With due respect to the old adage, words are often much more harmful than sticks or stones. That’s particularly true when it comes to marriage. Hurtful words can undermine the trust and intimacy necessary for marital harmony. With that in mind, here are five things you should never say to your spouse.
1. Anything That Suggests Divorce
It’s the dreaded “D” word—and dreaded for good reason. Successful marriage requires deep intimacy, but that intimacy is only possible in an environment of complete trust and security. Once you introduce the threat of divorce, you undercut that sense of safety and threaten the sacred vows on which your marriage is based. Your spouse will no longer feel like your partner, but will see him or herself as an individual unit, bound to you by a commitment that can be broken. Once that sense of security is gone in a marriage, it’s difficult to bring it back. Better to avoid losing it in the first place.
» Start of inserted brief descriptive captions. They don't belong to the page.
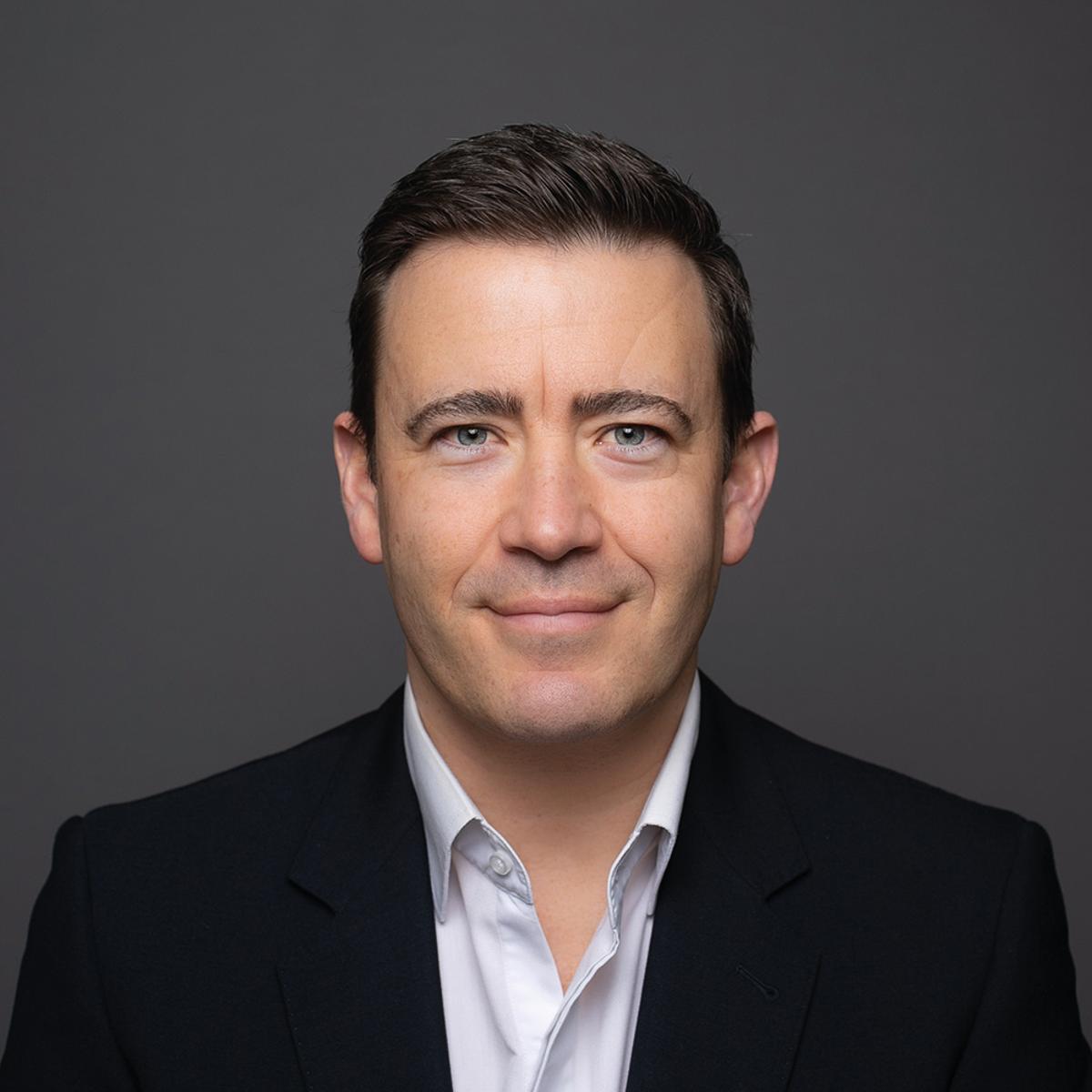 Foxtons Sales Drop 35% Amid Slowdown in Challenging Market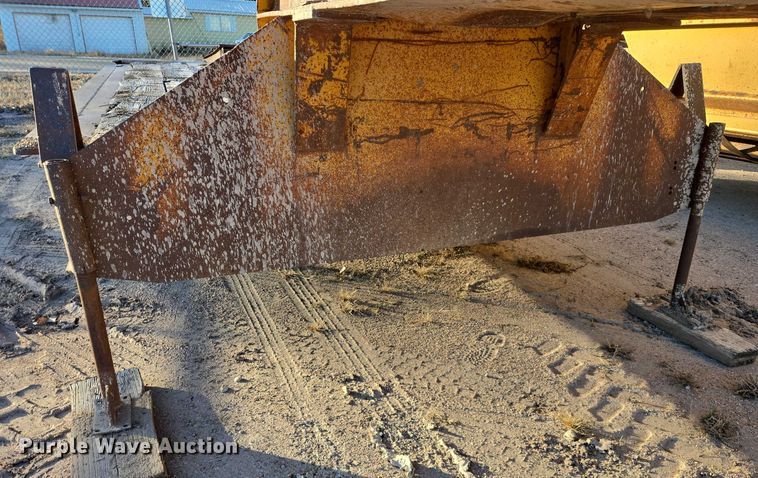 image for item ES2729 1967 Hyster C25T equipment trailer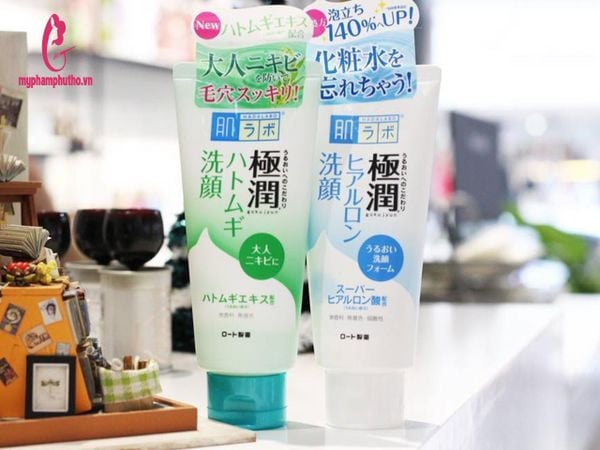 Hadalabo Gokụiyun Foaming Cleanser tuýp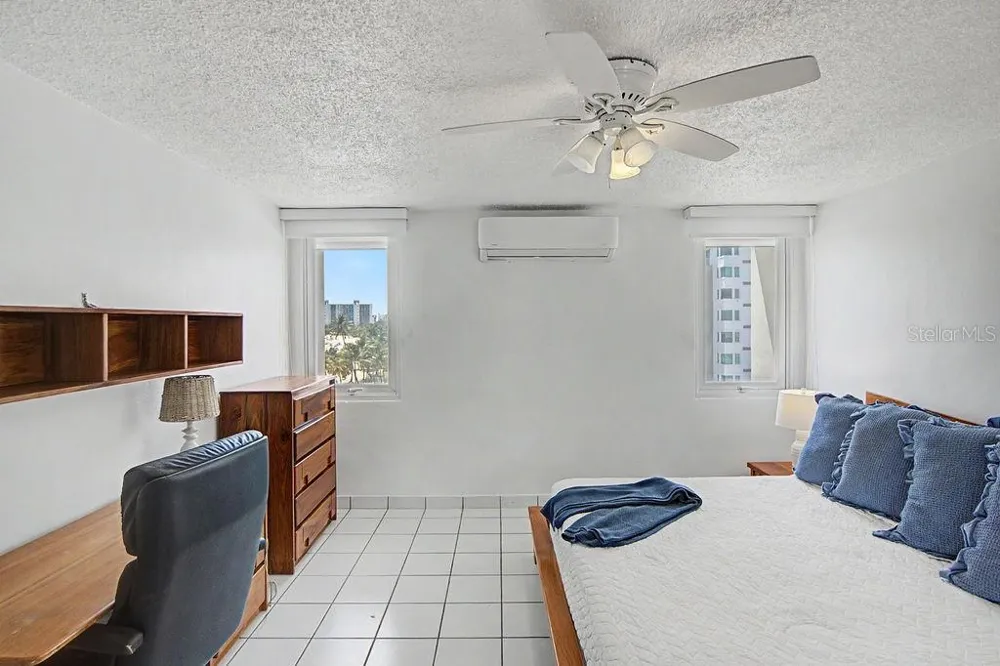 4939 ISLA VERDE AVE. #601 Carolina, PR 00979
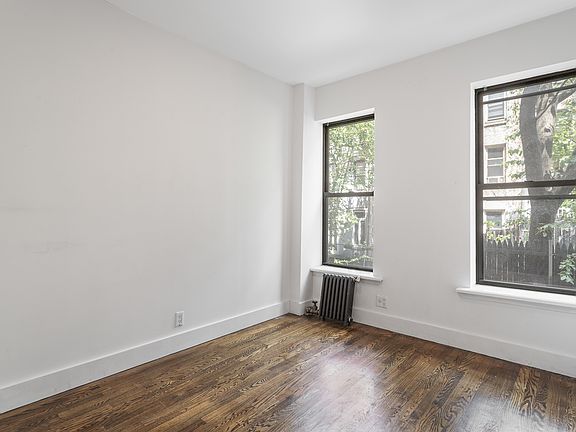 4th image of 117 E 7th St APT 4C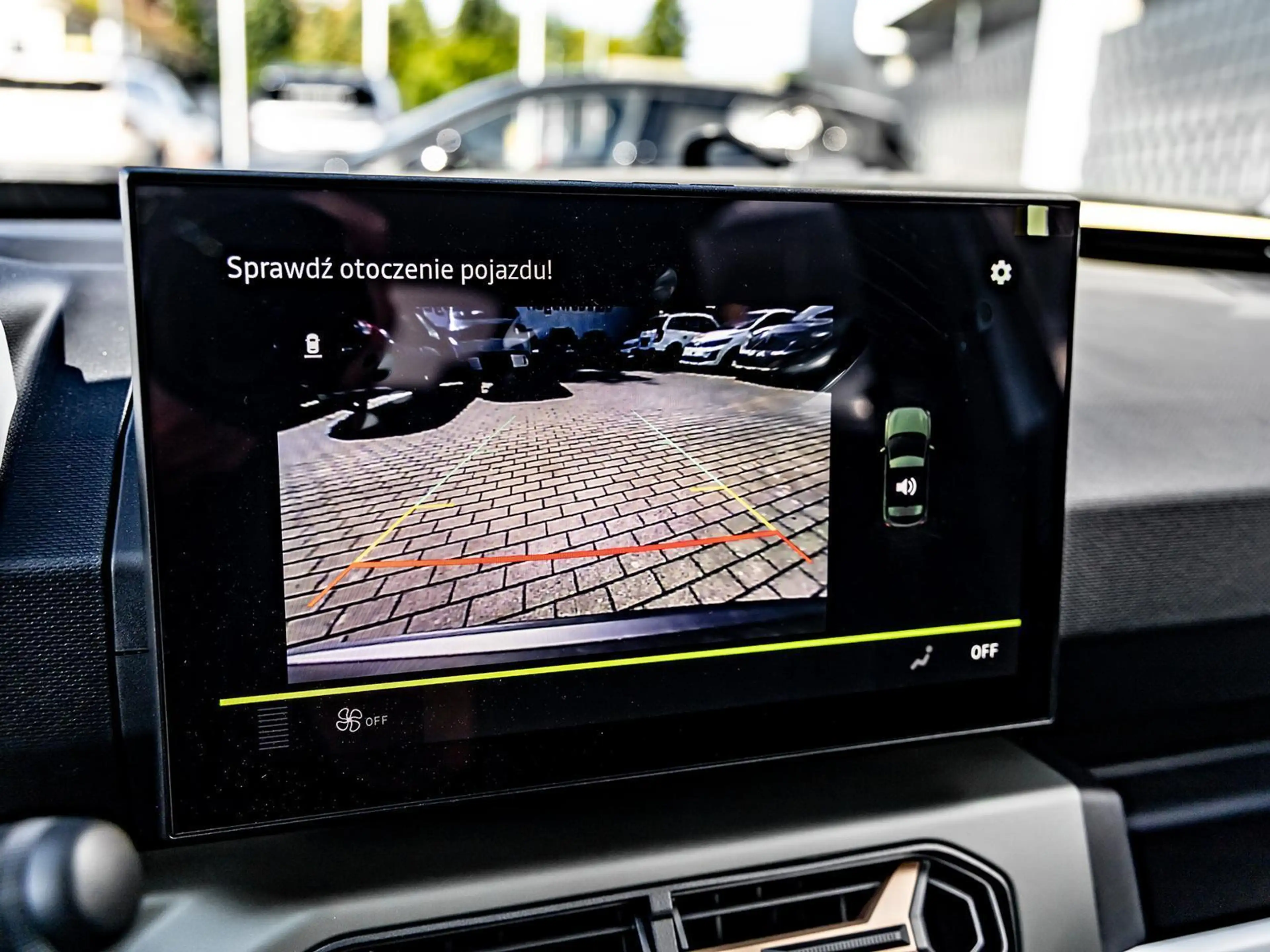 Dacia Spring Extreme electric 100 NAVI PDC KLIMA BT ZV — photo 14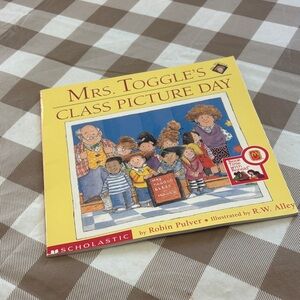 🟢10/$10 - Book - Mrs. Toggle's Class Picture Day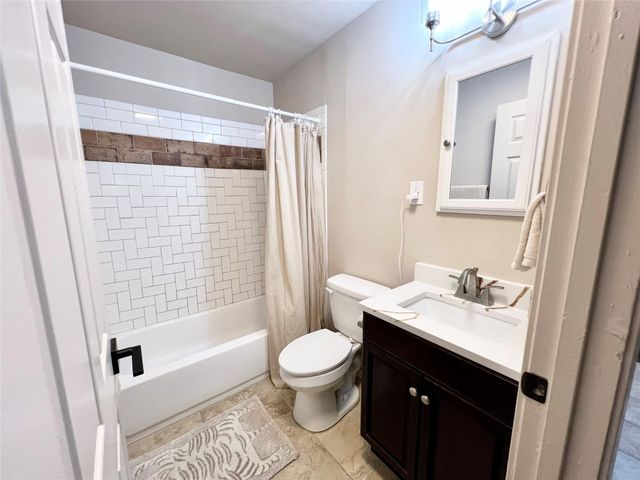 820 W Live Oak ST, Lockhart, TX 78644
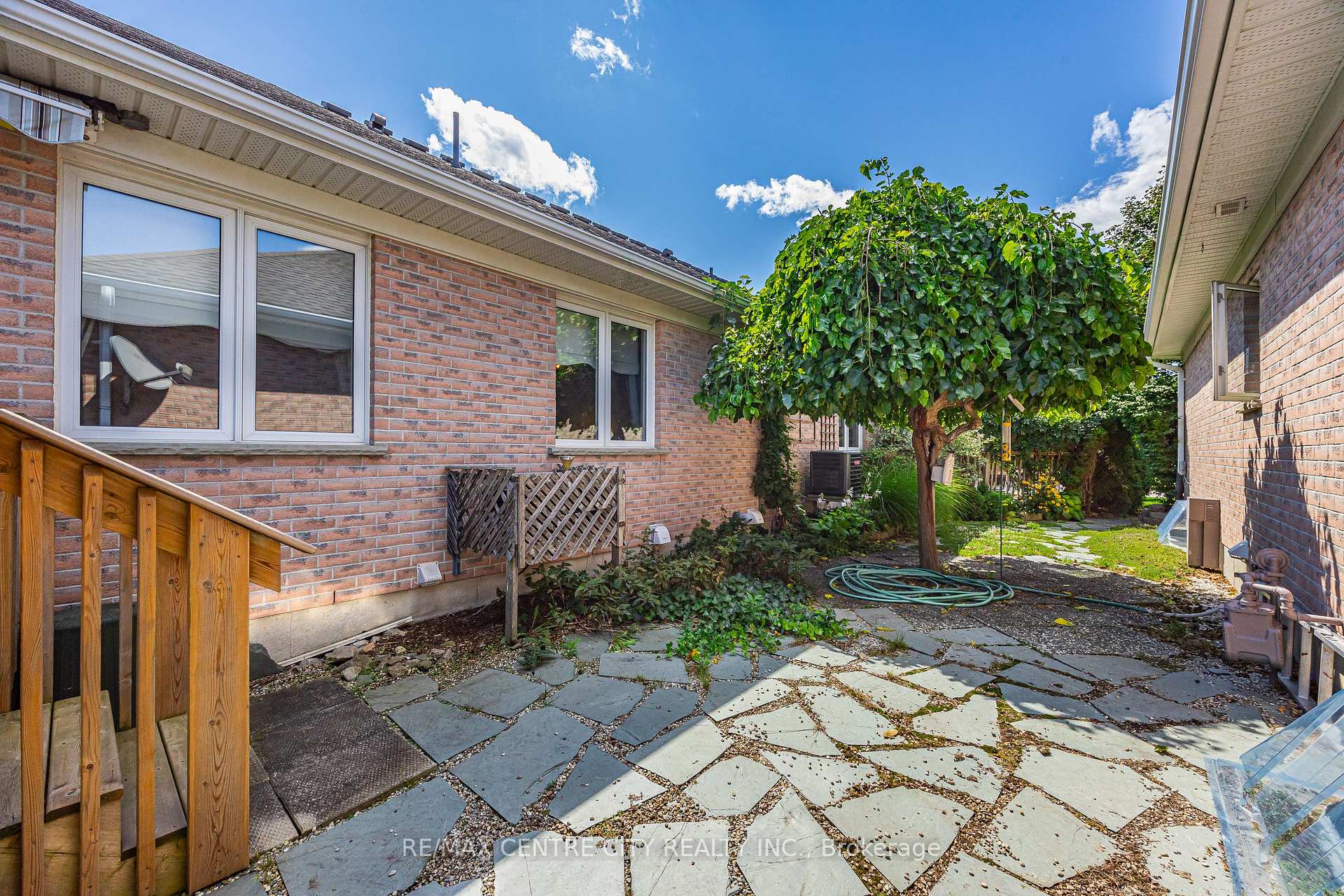 Photo 35 of 33 Ilderbrook Circle, Middlesex Centre, Ilderton — HOMEH
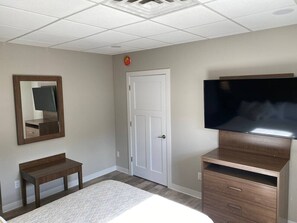 Iron/ironing board, free WiFi, bed sheets - Alpine Lodge-Rome Away From Home-5min Sand Valley (Nekoosa)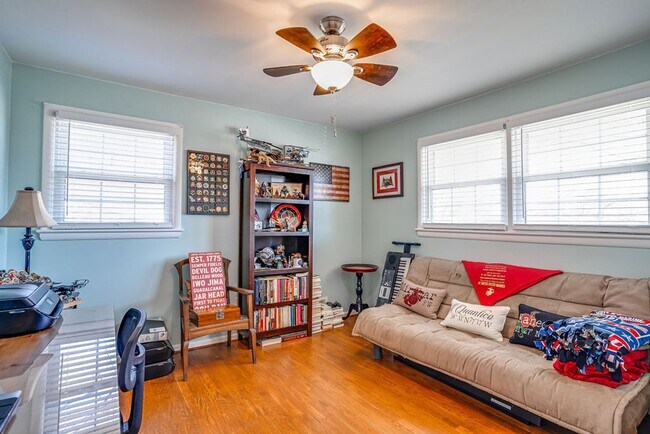 Building Photo - Gorgeous single-family home close to Belvo...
2. "You always/never . . ."
Sweeping generalizations will do nothing but make your spouse feel criticized.
When you’re having a discussion or disagreement, stick to the topic at hand and skip the personal broadsides. So instead of saying, “You never want to watch the movies I enjoy,” you might try, “What is it about this movie that you don’t like?” This moves the focus off the perceived failings of your spouse and places it on the real matter at hand.
3. “Because of you . . .”
It can be tempting to blame your spouse when things don’t go your way, but it’s important to resist. Blaming another person—even if warranted—does nothing to solve the problem or address the situation. The only thing it really does is put your spouse on the defensive and create an adversarial relationship between the two of you.
4. "I don’t care."
A successful marriage requires honest and forthright communication.
When we’re angry and irritated it’s easy to dismiss the views and needs of our spouse. One thing that undercuts the marriage bond is when a spouse feels unheard and unimportant -- and that’s what saying "I don’t care" communicates. Maybe you don’t think your spouse is correct about something or you’re tired of hearing about a concern, but what’s important to them should be important to you, too, simply because they care about it.
5. The Silent Treatment
While silence doesn’t actually involve saying anything hurtful, the message it communicates is often just as destructive. A successful marriage requires honest and forthright communication. The silent treatment does nothing but shut off the main connection between you and your spouse and nothing between you will improve until it’s restored.
“When two people marry, if they embrace the expectation of making their partner better and helping him or her get to heaven, the marriage will thrive.”
The 21 Undeniable Secrets of Marriage by Allen Hunt
If you’ve said hurtful words to your spouse, apologize and recommit to never saying them again. What we say matters. Strengthen your marriage with words that build up instead of tear down.